Source data »
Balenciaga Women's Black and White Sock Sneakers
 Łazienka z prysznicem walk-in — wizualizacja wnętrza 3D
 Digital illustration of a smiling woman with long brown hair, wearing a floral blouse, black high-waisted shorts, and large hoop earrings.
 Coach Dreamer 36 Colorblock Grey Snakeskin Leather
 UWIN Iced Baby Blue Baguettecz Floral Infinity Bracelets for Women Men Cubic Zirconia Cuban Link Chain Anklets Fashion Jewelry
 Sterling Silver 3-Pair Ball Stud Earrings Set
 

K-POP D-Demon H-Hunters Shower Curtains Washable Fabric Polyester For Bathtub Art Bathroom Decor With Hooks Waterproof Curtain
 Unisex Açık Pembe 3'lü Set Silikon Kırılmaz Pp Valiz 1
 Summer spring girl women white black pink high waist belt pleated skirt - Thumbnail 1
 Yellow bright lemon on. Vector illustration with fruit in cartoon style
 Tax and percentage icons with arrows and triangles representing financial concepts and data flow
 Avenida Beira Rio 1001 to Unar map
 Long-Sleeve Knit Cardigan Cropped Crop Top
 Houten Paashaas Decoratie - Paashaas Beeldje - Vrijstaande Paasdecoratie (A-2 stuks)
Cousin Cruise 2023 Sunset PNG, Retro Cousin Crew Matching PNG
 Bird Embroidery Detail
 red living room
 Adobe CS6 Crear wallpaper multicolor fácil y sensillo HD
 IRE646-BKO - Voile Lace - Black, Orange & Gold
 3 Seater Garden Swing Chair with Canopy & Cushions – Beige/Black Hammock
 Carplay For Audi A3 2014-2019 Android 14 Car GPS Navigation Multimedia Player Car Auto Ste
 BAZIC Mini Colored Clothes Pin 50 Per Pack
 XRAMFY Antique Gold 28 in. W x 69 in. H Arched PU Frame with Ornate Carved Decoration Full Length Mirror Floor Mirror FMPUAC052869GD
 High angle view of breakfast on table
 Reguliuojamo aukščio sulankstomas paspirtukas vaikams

What is expected » Each line of the data is to be written out again exactly.

Answer to this problem »
Balenciaga Women's Black and White Sock Sneakers
 Łazienka z prysznicem walk-in — wizualizacja wnętrza 3D
 Digital illustration of a smiling woman with long brown hair, wearing a floral blouse, black high-waisted shorts, and large hoop earrings.
 Coach Dreamer 36 Colorblock Grey Snakeskin Leather
 UWIN Iced Baby Blue Baguettecz Floral Infinity Bracelets for Women Men Cubic Zirconia Cuban Link Chain Anklets Fashion Jewelry
 Sterling Silver 3-Pair Ball Stud Earrings Set
 

K-POP D-Demon H-Hunters Shower Curtains Washable Fabric Polyester For Bathtub Art Bathroom Decor With Hooks Waterproof Curtain
 Unisex Açık Pembe 3'lü Set Silikon Kırılmaz Pp Valiz 1
 Summer spring girl women white black pink high waist belt pleated skirt - Thumbnail 1
 Yellow bright lemon on. Vector illustration with fruit in cartoon style
 Tax and percentage icons with arrows and triangles representing financial concepts and data flow
 Avenida Beira Rio 1001 to Unar map
 Long-Sleeve Knit Cardigan Cropped Crop Top
 Houten Paashaas Decoratie - Paashaas Beeldje - Vrijstaande Paasdecoratie (A-2 stuks)
Cousin Cruise 2023 Sunset PNG, Retro Cousin Crew Matching PNG
 Bird Embroidery Detail
 red living room
 Adobe CS6 Crear wallpaper multicolor fácil y sensillo HD
 IRE646-BKO - Voile Lace - Black, Orange & Gold
 3 Seater Garden Swing Chair with Canopy & Cushions – Beige/Black Hammock
 Carplay For Audi A3 2014-2019 Android 14 Car GPS Navigation Multimedia Player Car Auto Ste
 BAZIC Mini Colored Clothes Pin 50 Per Pack
 XRAMFY Antique Gold 28 in. W x 69 in. H Arched PU Frame with Ornate Carved Decoration Full Length Mirror Floor Mirror FMPUAC052869GD
 High angle view of breakfast on table
 Reguliuojamo aukščio sulankstomas paspirtukas vaikams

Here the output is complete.